In fact, the rendering of sati as mindfulness is actually quite clever:
“When, in the nineteenth century, T. W. Rhys Davids encountered the word sati while translating DN 22 into English, he tried to find an English term that would convey this meaning of memory applied to purposeful activity in the present. Concluding that English didn’t have an adequate equivalent, he made up his own: mindfulness. This, of course, wasn’t a total invention. In fact, Rhys Davids’ choice was apparently inspired by the phrasing of the Anglican prayer to be ever mindful of the needs of others—i.e., to always keep their needs in mind. Rhys Davids simply turned the adjective into a noun. Although the term mindfulness has its origins in a Christian context, and although its meaning has ironically become so distorted over the past century, its original meaning serves so well in conveying the Buddhist sense of memory applied to the present that I will continue to use it to render sati for the remainder of this book. “ [Right Mindfulness – Thanissaro Bhikkhi]

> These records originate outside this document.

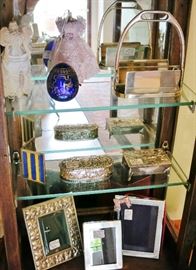 Top Shelf: Hermes, Paris Silverplate Stirrup Wallet / Letter Caddy; 2 Sterling Boxes & a Sterling-Enamel Photo Frame; Buccelati, Cartier & Tiffany Sterling Picture Frames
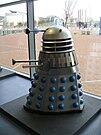 Various Dalek designs from throughout the series, including variants such as the Special Weapons Dalek and the Dalek Emperor.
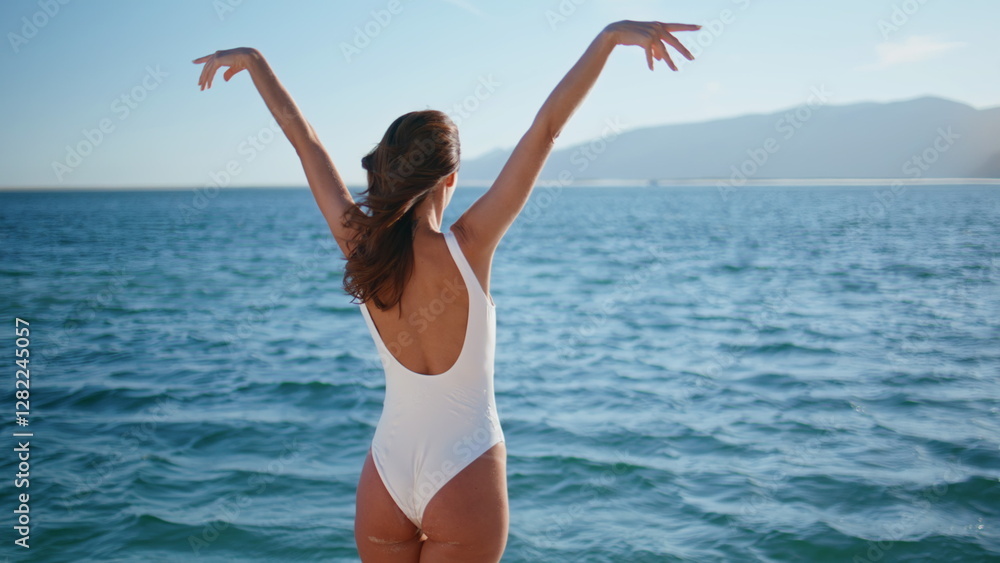 Swimsuit woman raising hands looking on ocean waves back view. Relaxed brunette Swimsuit woman raising hands looking on ocean waves back view. Relaxed brunette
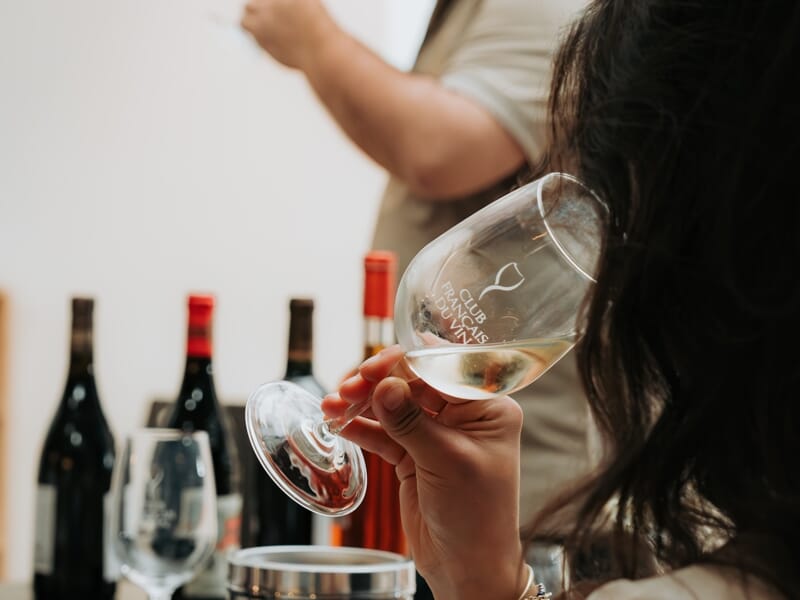 Personne dégustant un verre de vin blanc lors d'une séance d'oenologie avec plusieurs bouteilles en arrière-plan.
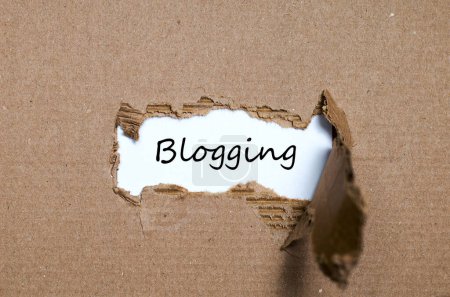 Téléchargez les photos : Le mot blogging apparaissant derrière le papier déchiré - en image libre de droit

Sadly, now it has become popular convention to dump all over poor T.W. Rhys-Davids for his quite creative and thoughtful translation.

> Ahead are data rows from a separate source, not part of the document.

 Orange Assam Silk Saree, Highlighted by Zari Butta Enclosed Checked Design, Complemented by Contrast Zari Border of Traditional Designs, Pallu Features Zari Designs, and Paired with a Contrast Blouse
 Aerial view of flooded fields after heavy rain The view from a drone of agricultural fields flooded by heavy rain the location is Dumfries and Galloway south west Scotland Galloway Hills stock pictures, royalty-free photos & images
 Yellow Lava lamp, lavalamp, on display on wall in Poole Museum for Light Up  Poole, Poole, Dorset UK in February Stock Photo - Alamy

(For those of you who have never heard of T.W. Rhys-Davids, he is a person of incalculable importance in Western Buddhist history. Among his many accomplishments are the founding of the Pali Text Society – PTS – in 1881 and the first Pali-English dictionary and the first English language versions of the Pali canon. His wife took over the PTS when he died in 1922.)

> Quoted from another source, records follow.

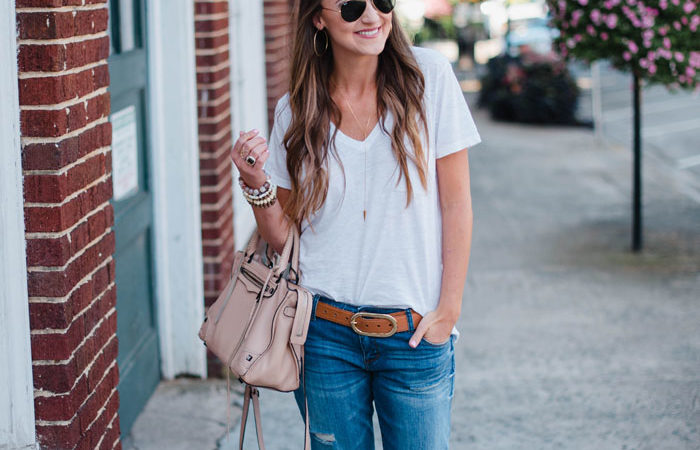 Blogger Mallory Fitzsimmons of Style Your Senses wears a Madewell white t-shirt and distressed boyfriend denim with loafers for a casual chic Fall look.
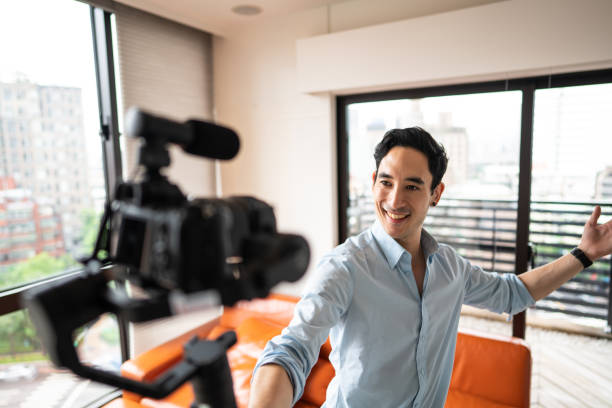 istock Mixed race man recording vlog in apartment 1165133270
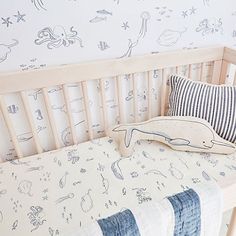 a baby crib with blue and white wallpaper in the background, along with an ocean themed pillow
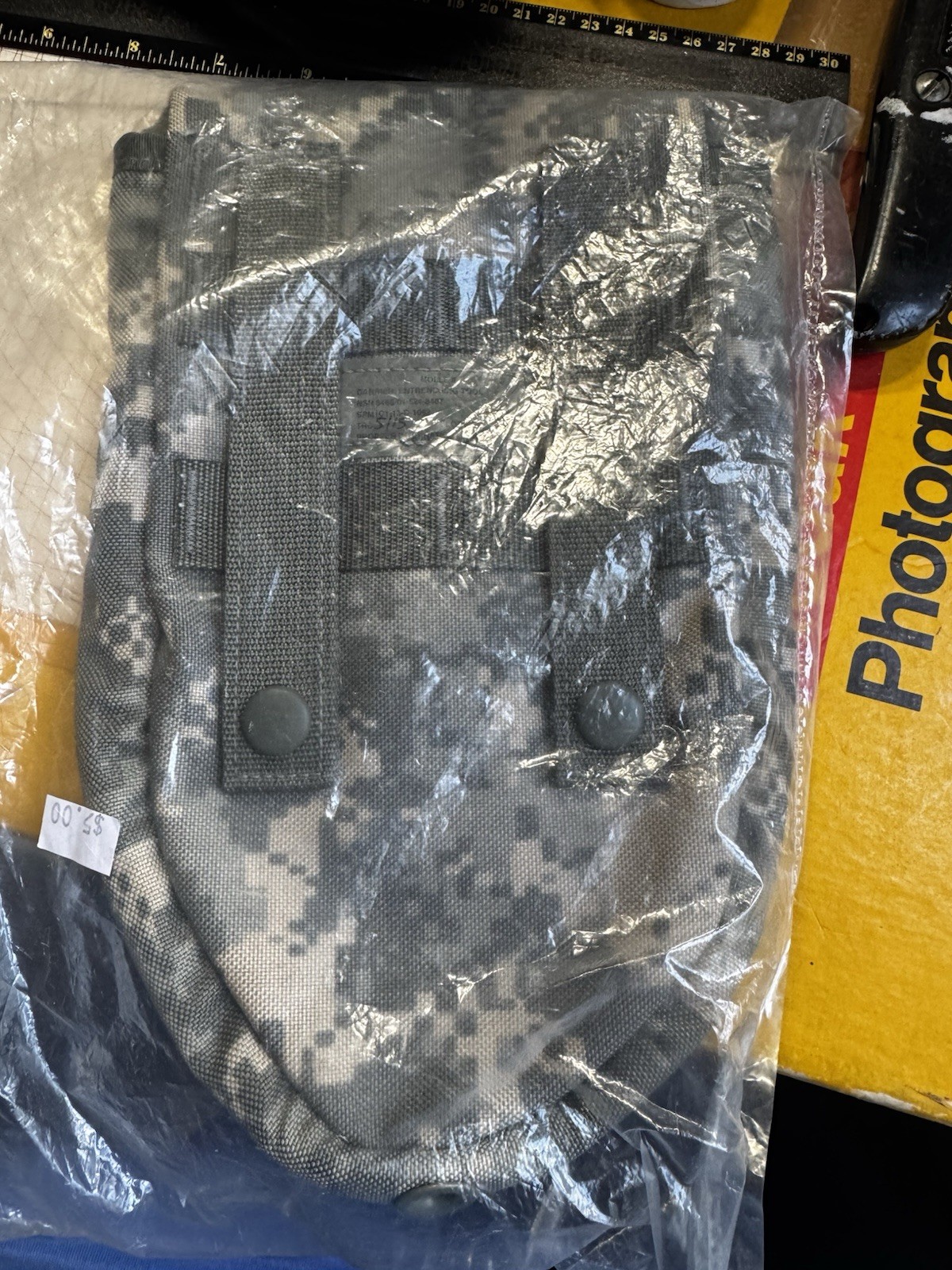 Camouflage trenching tool cover with straps factory sealed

Thus as I think you can see, a partially understood “fact” is used as proof of “scholarship” and thus validates the teacher.
Over the years I have heard a lot of teachers say things that I did not think made any sense. (This happens in spades in Zen, where they like to not understand things and then use that as proof that they know something you don’t. If you can’t understand something it is simply proof that you are hung up on conceptual thinking.) We are often afraid to question deeply because this makes us look stupid. I used to work with an engineer who was not afraid to say he did not know something, and in fact he used the simplicity of his questions to show that people often did not know what they were talking about. “The quickest way to bring a meeting to a halt,” he would say, “Is to say you don’t understand something.”
The Dharma requires deep understanding, and that requires deep questioning, a deep sense of inquiry, and a deep devotion to discovering the truth about how things are.